L’extrême droite a su atteindre un caractère de masse non pas dans la rue, mais dans une grande communion de planqués derrière leur écran qui déversent leur bile et leur haine. Un petit décryptage des ressorts de la fachosphère…

Toute personne passant un peu de temps sur les réseaux sociaux l’aura remarqué : l’extrême droite y est omniprésente. Blogs, forums, commentaires et surtout réseaux sociaux tels Facebook, Youtube et Twitter sont submergés par des centaines de milliers de messages allant des théories les plus farfelues aux appels à la haine et aux insultes.

La présence de l’extrême droite sur internet est démesurée par rapport à son poids réel dans la société. Ce courant politique en a fait un axe de communication, censé compenser la mauvaise presse qu’il aurait dans les médias. L’extrême droite s’appuie ainsi sur un troisième territoire en plus du local et de l’international : le numérique, qui présente une grande perméabilité aux idées fascisantes, plus particulièrement sur les réseaux sociaux que les américains appellent de manière plus exacte « médias sociaux ».

Par ailleurs, l’une des différences entre l’extrême droite de nos jours et le fascisme historique repose sur le nombre de militants. Les partis nazis et fascistes étaient des organisations de masse comptant des centaines de milliers voire des millions de personnes dans leurs sections, milices et organisations satellites.

Ce n’est pas le cas de l’extrême droite de nos jours. Ainsi en France, sa base militante est assez réduite. Les groupuscules fascistes comptent au mieux quelques milliers de militants. De même le Front National ne revendique que 57 000 adhérents à jour de cotisation en 2016, un chiffre surestimé et bien loin des millions d’électeurs le soutenant à chaque scrutin. De plus, tous ces adhérents ne sont pas forcément des militants actifs, ce qui fait que le FN a des difficultés à entretenir une présence de terrain sur l’ensemble du territoire, et a bien souvent recours aux militants d’autres groupuscules tels que les Identitaires…

Internet revêt donc une importance particulière pour l’extrême droite qui parvient sur ce territoire virtuel à recruter massivement, ce qu’elle ne parvient pas à faire sur le terrain. Si le caractère de mobilisation permanente des masses se rencontrait dans les années 1930 durant les défilés aux flambeaux et l’enrôlement massif dans les milices, il semble avoir retrouvé à notre époque son équivalent sous la forme d’un courageux engagement derrière son écran dans les rangs de la fachosphère…

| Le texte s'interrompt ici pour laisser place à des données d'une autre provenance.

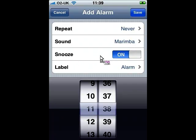You can choose whether to have a snooze option or not. Simply click to the right-hand side where it says On to toggle it to Off, if you'd rather have it off.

Ce phénomène a produit un nouveau vocabulaire, employé par ce que l’on appelle désormais la « fachosphère » – c’est-à-dire l’ensemble des sites et des commentateurs reliés à l’extrême droite. Pour eux, leurs opposants seraient des « bobos », des « sionistes », des « gauchiasses » ou des « mondialistes », les journalistes deviennent des « journalopes » à la solde des « merdias », le milieu associatif serait « collabo », etc. Ce vocabulaire en dit long sur la fachosphère, qui se caractérise par son extrême violence verbale, allant jusqu’au « troll », c’est-à-dire à la provocation volontaire dans le but de faire réagir. Notons aussi les retournements de sens : les néofascistes deviendraient de nouveaux résistants, alors que les antifascistes seraient des fascistes de gauche ou des collabos.

Les codes d’internet

Pour autant, l’extrême droite a bien assimilé les codes propres à internet, ce qui permet à ses différentes composantes de développer des stratégies de communication très efficaces. Celles-ci permettent de s’adresser à une partie de la population insensible à la propagande politique traditionnelle, notamment dans la jeunesse des campagnes et des périphéries urbaines. En s’appuyant sur des communicants professionnels et des commentateurs très réactifs, les organisations d’extrême droite sont parvenues à agrandir rapidement leur audience en adoptant une démarche de pionniers. Le format vidéo ou l’emploi de blogs thématiques ont par exemple été utilisés à fond. Nous pouvons distinguer plusieurs moyens employés de manière complémentaire pour obtenir une audience maximale :

D’une part, la mise en place de sites à forte audience : Parmi les plus connus, nous pouvons citer Fdesouche (lié au Front National) , Novopress (500 000 visiteurs uniques par mois, lié au Bloc Identitaire), ou encore Egalité et Réconciliation, le site d’Alain Soral qui se situe au niveau d’un site professionnel tel qu’Atlantico. Ces sites sont tous mis à jour très régulièrement. Ils se rapprochent de sites professionnels et de par leur audience et leur qualité technique.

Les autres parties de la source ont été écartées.